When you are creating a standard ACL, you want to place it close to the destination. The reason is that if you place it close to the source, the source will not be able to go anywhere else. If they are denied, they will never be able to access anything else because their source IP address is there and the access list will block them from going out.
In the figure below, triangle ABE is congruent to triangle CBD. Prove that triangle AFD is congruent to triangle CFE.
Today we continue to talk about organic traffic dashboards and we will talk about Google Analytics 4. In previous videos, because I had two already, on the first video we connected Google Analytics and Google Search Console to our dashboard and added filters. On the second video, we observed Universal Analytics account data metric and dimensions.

○ ○ ○

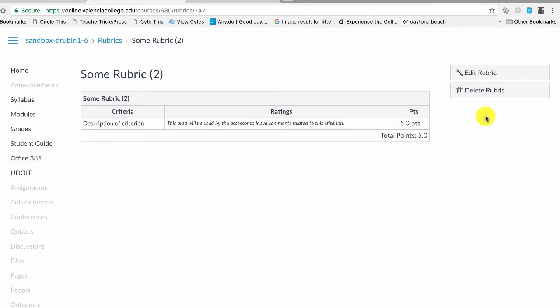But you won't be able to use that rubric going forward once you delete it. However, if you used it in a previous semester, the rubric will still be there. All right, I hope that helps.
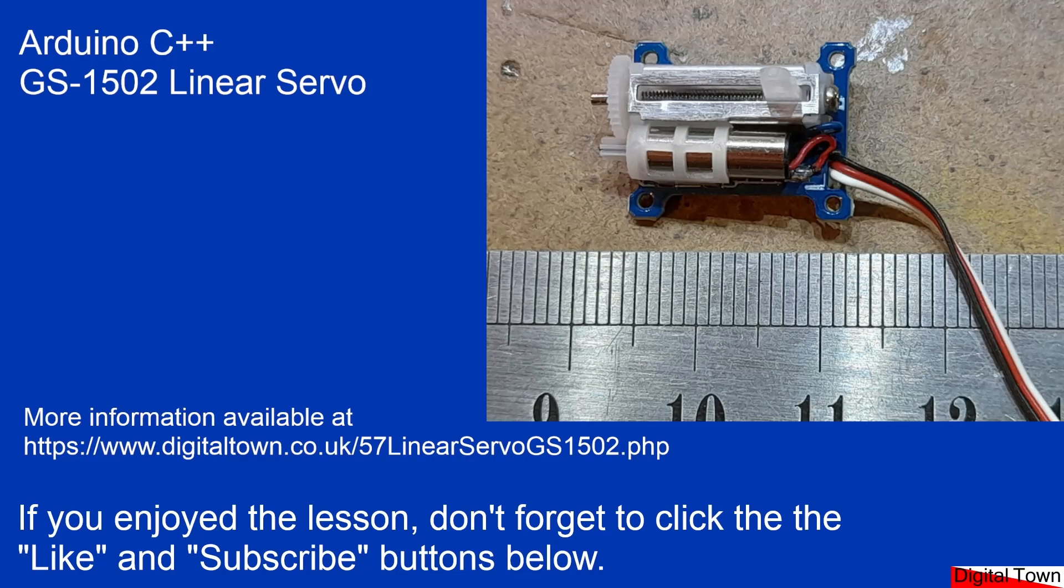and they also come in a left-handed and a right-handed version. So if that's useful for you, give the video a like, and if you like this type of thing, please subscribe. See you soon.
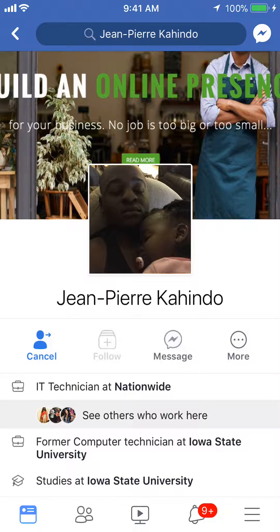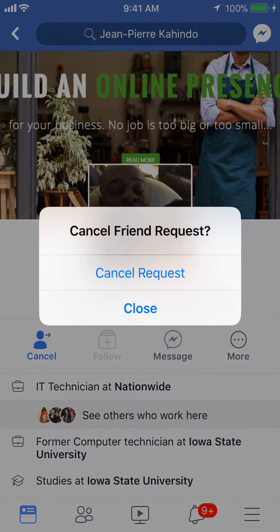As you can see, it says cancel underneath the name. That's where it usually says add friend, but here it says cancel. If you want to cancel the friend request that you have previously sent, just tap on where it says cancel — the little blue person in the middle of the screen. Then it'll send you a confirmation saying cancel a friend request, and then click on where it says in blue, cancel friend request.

○ ○ ○

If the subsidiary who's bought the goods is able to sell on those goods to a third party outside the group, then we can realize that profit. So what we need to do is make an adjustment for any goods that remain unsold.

○ ○ ○

» **The task**
Return exactly the lines above from the line that has "When you are" through the line that has "Today we continue", inclusive, and nothing else.

» **Solution to the exercise**
When you are creating a standard ACL, you want to place it close to the destination. The reason is that if you place it close to the source, the source will not be able to go anywhere else. If they are denied, they will never be able to access anything else because their source IP address is there and the access list will block them from going out.
In the figure below, triangle ABE is congruent to triangle CBD. Prove that triangle AFD is congruent to triangle CFE.
Today we continue to talk about organic traffic dashboards and we will talk about Google Analytics 4. In previous videos, because I had two already, on the first video we connected Google Analytics and Google Search Console to our dashboard and added filters. On the second video, we observed Universal Analytics account data metric and dimensions.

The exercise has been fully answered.